**Aim of the task:** Each record, minus any picture, should be returned exactly as written.

***** Entries provided

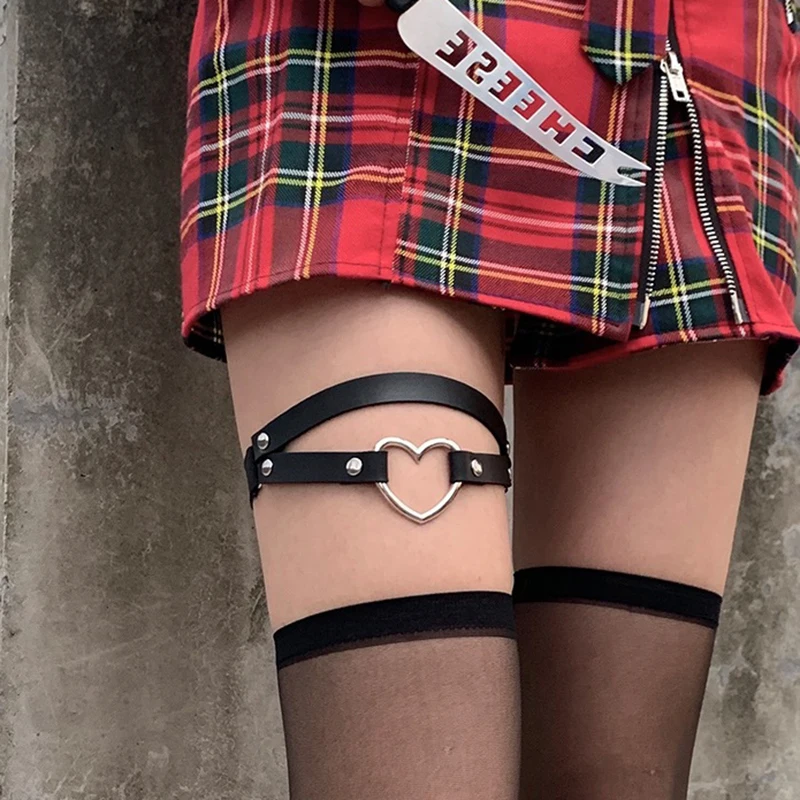 heart garter belt t shaped heart garter belt multi color socks non slip main image 1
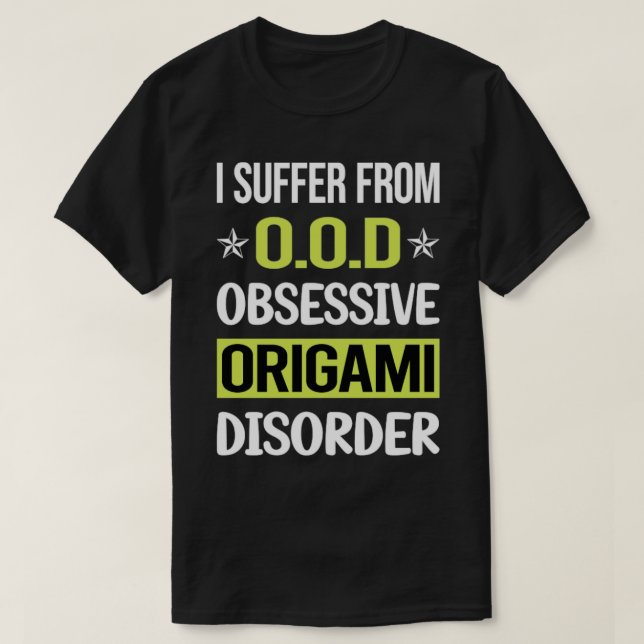 Camiseta Origami de amor obsesivo (Diseño del anverso)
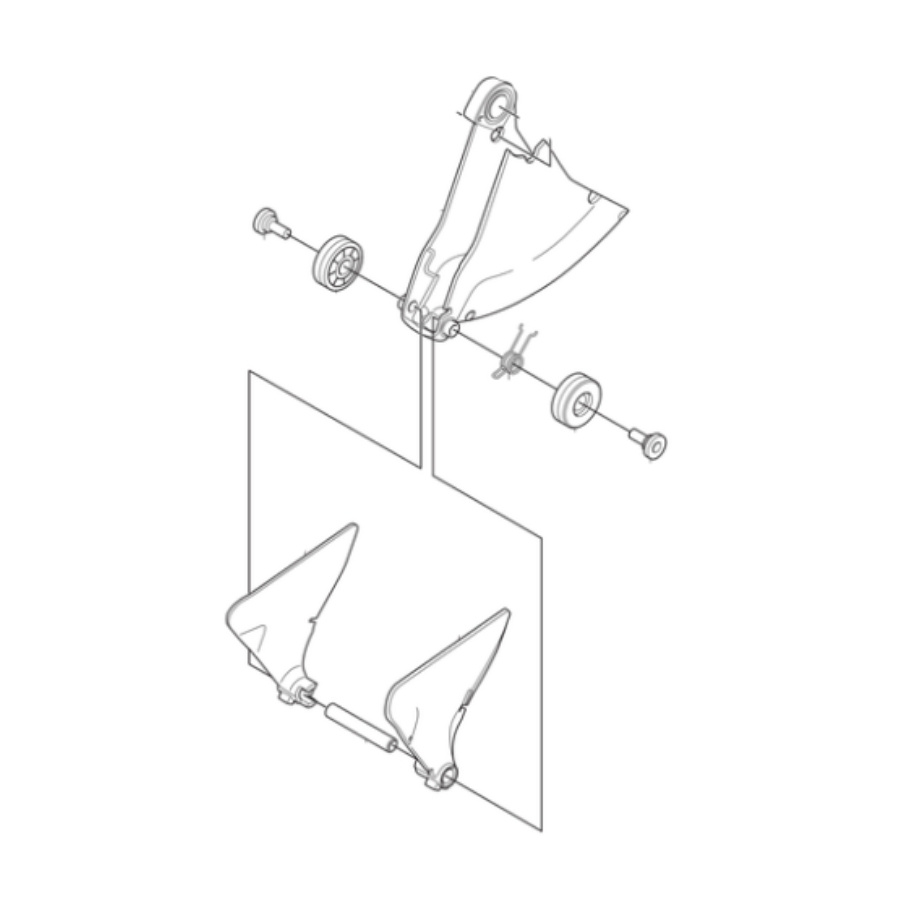Blade guard assembly replacement part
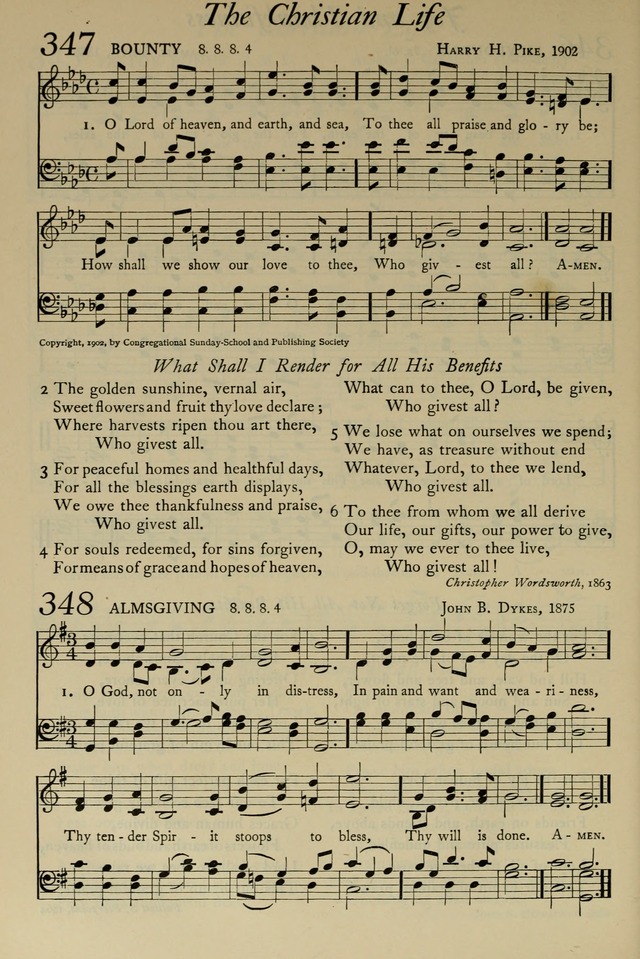 The Pilgrim Hymnal: with responsive readings and other aids to worship page 258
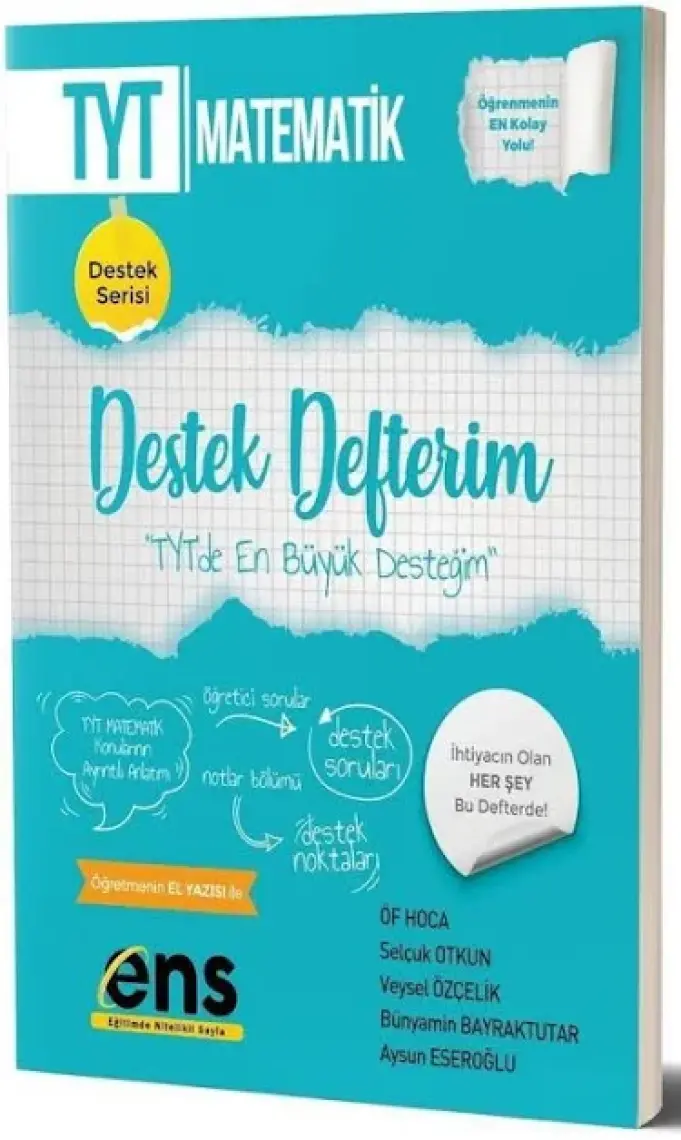 ENS Yayıncılık TYT Matematik Destek Defterim - Aysun Eseroğlu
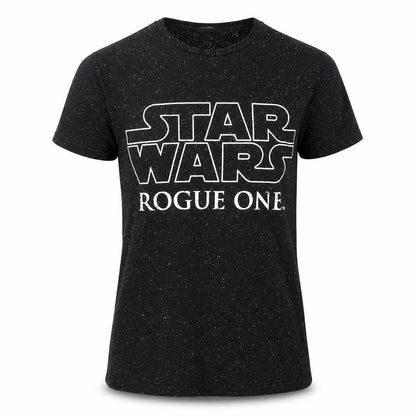 Front view of Star Wars women’s black basic t-shirt, size XS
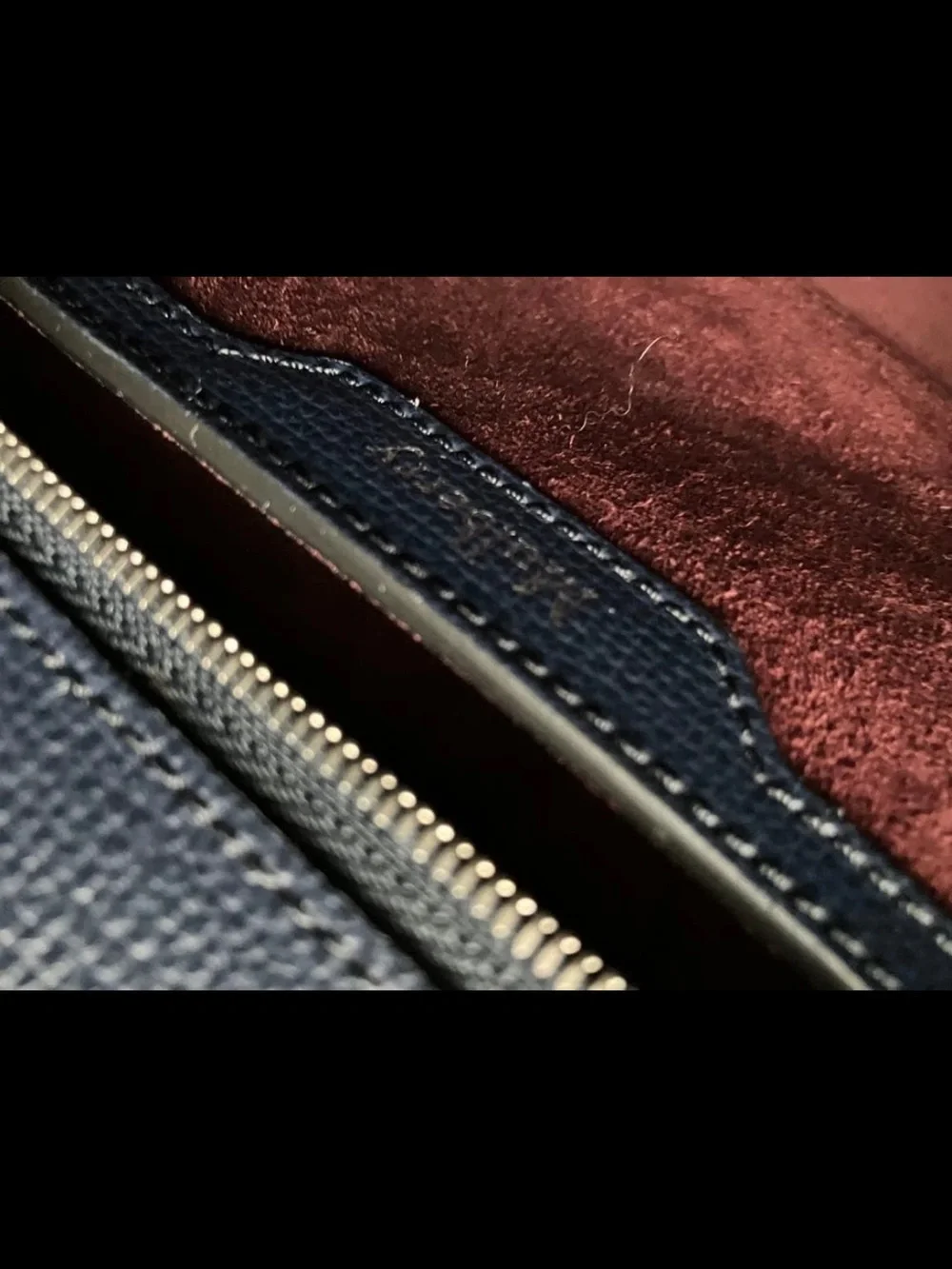 Mulberry Navy Leather Small Tote Bag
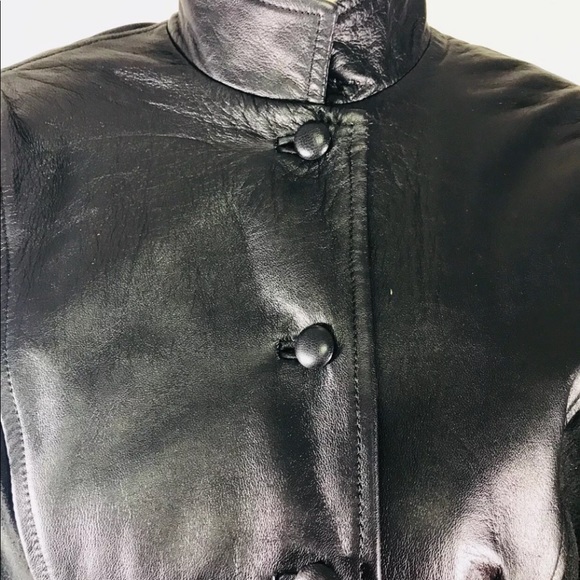 Shuo yu samurai cropped leather suede jacket - Picture 6 of 8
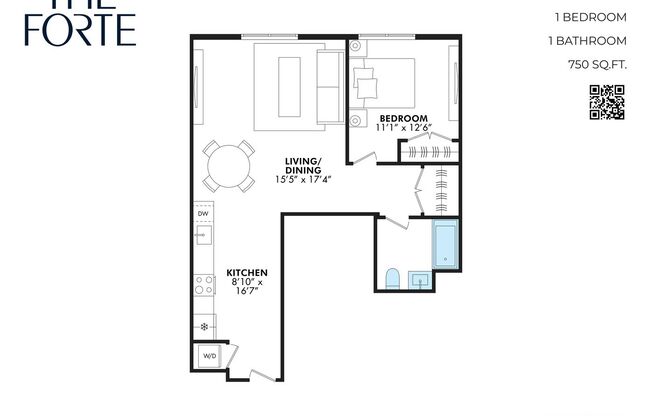 1 bed, 1 bath, 700 sqft, $3,149, Unit APT. 210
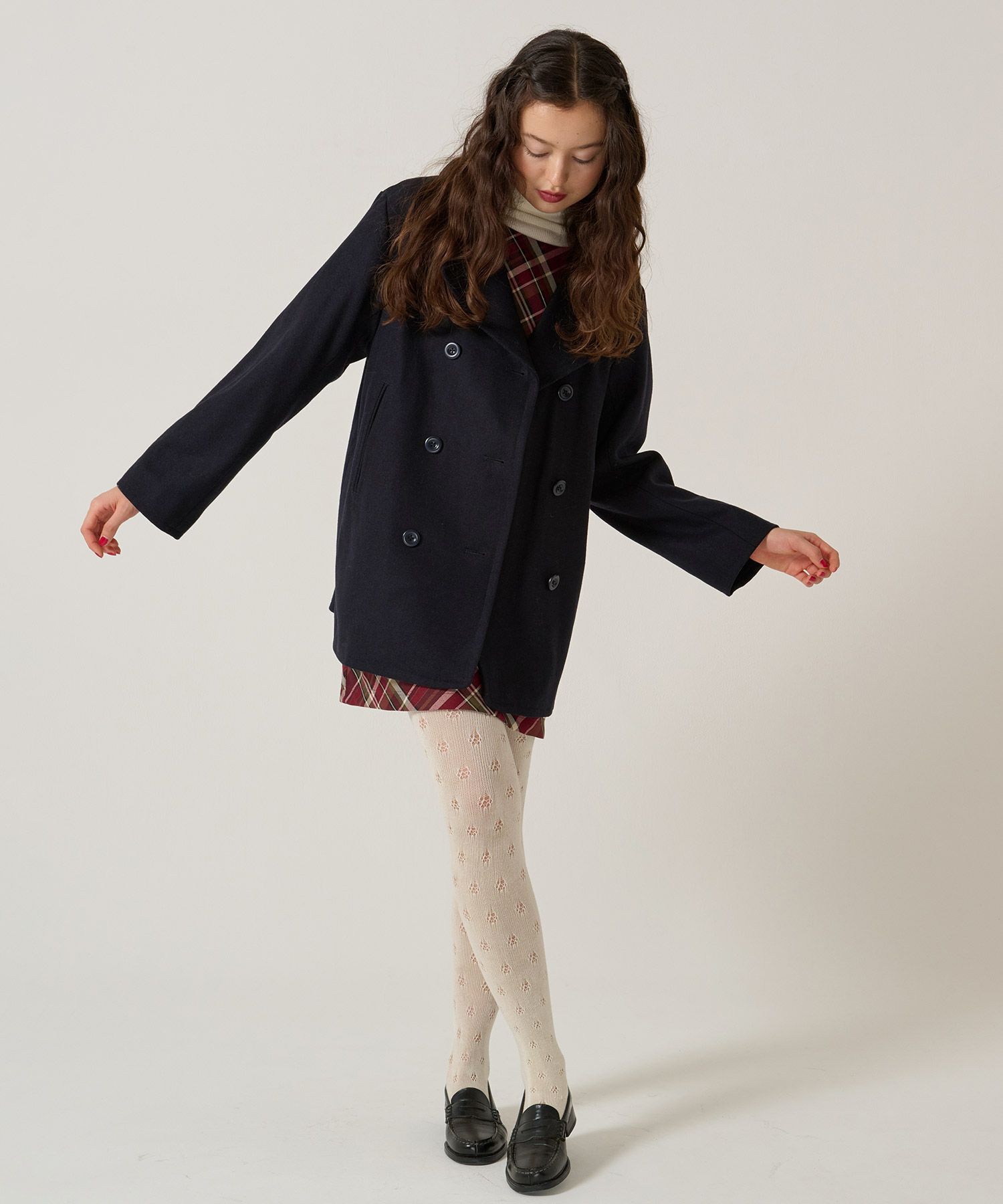 ウール/ ピーコート/アウター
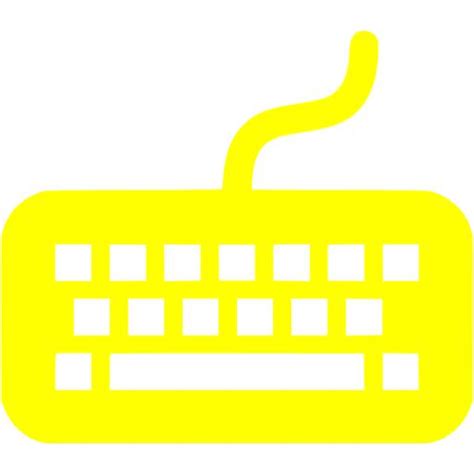 Yellow Keyboard Icon Free Yellow Computer Hardware Icons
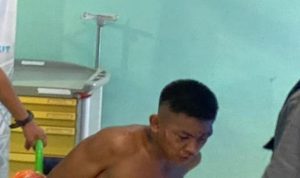 lilin Riski saat ditangkap Polsek Sungai Lilin, Muba, Senin (3/11/2025). Foto: IST/Dok Polsek Sungai Lilin.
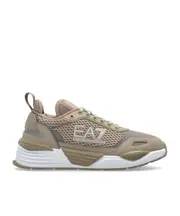 Ea7 Emporio Armani Ace Runner Mesh Panelled Sneakers US6,US5,US4,US6.5,US7,US5.5 Nude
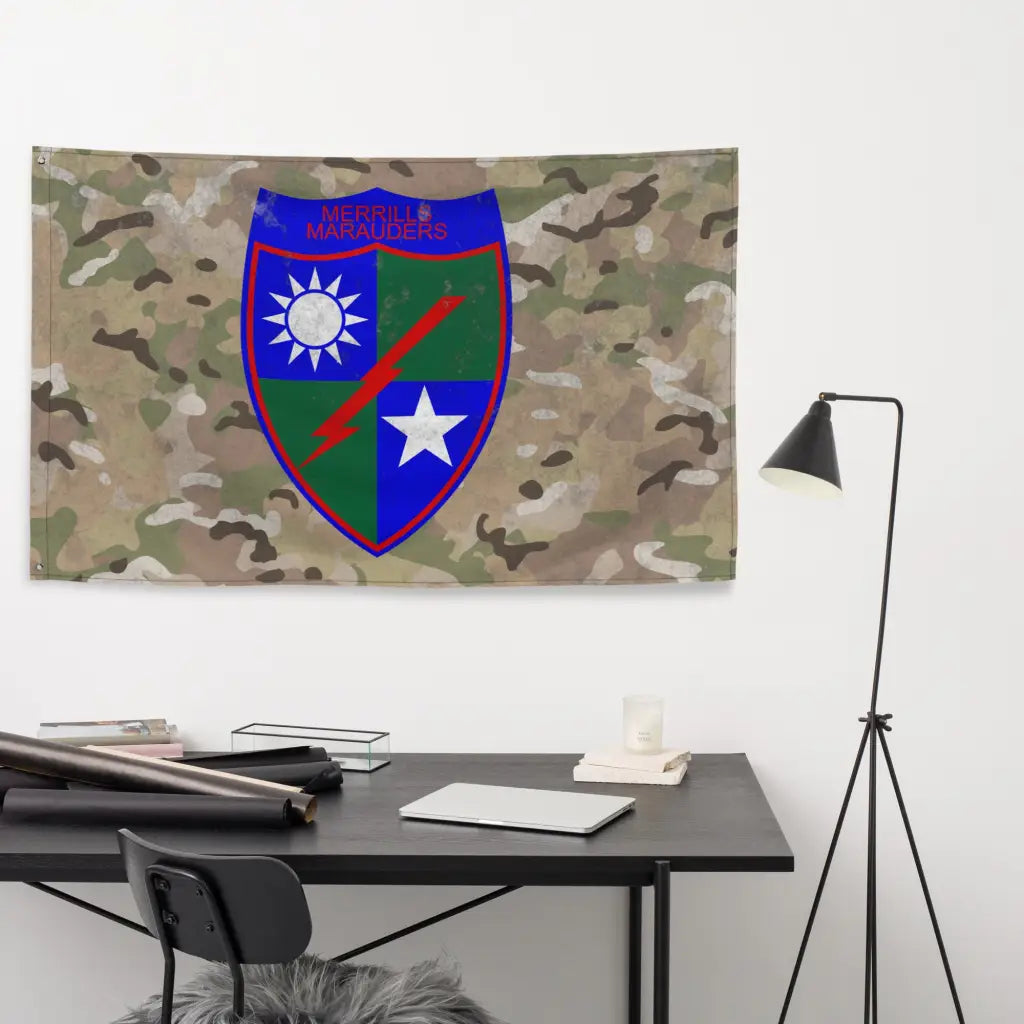Merrill's Marauders Commemorative WW2 Indoor Wall Flag Tactically Acquired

**********

**Answer below:**
 heart garter belt t shaped heart garter belt multi color socks non slip main image 1
 Camiseta Origami de amor obsesivo (Diseño del anverso)
Blade guard assembly replacement part
 The Pilgrim Hymnal: with responsive readings and other aids to worship page 258
 ENS Yayıncılık TYT Matematik Destek Defterim - Aysun Eseroğlu
 Front view of Star Wars women’s black basic t-shirt, size XS
 Mulberry Navy Leather Small Tote Bag
 Shuo yu samurai cropped leather suede jacket - Picture 6 of 8
 1 bed, 1 bath, 700 sqft, $3,149, Unit APT. 210
 ウール/ ピーコート/アウター
 Yellow Keyboard Icon Free Yellow Computer Hardware Icons
 lilin Riski saat ditangkap Polsek Sungai Lilin, Muba, Senin (3/11/2025). Foto: IST/Dok Polsek Sungai Lilin.
 Ea7 Emporio Armani Ace Runner Mesh Panelled Sneakers US6,US5,US4,US6.5,US7,US5.5 Nude
Merrill's Marauders Commemorative WW2 Indoor Wall Flag Tactically Acquired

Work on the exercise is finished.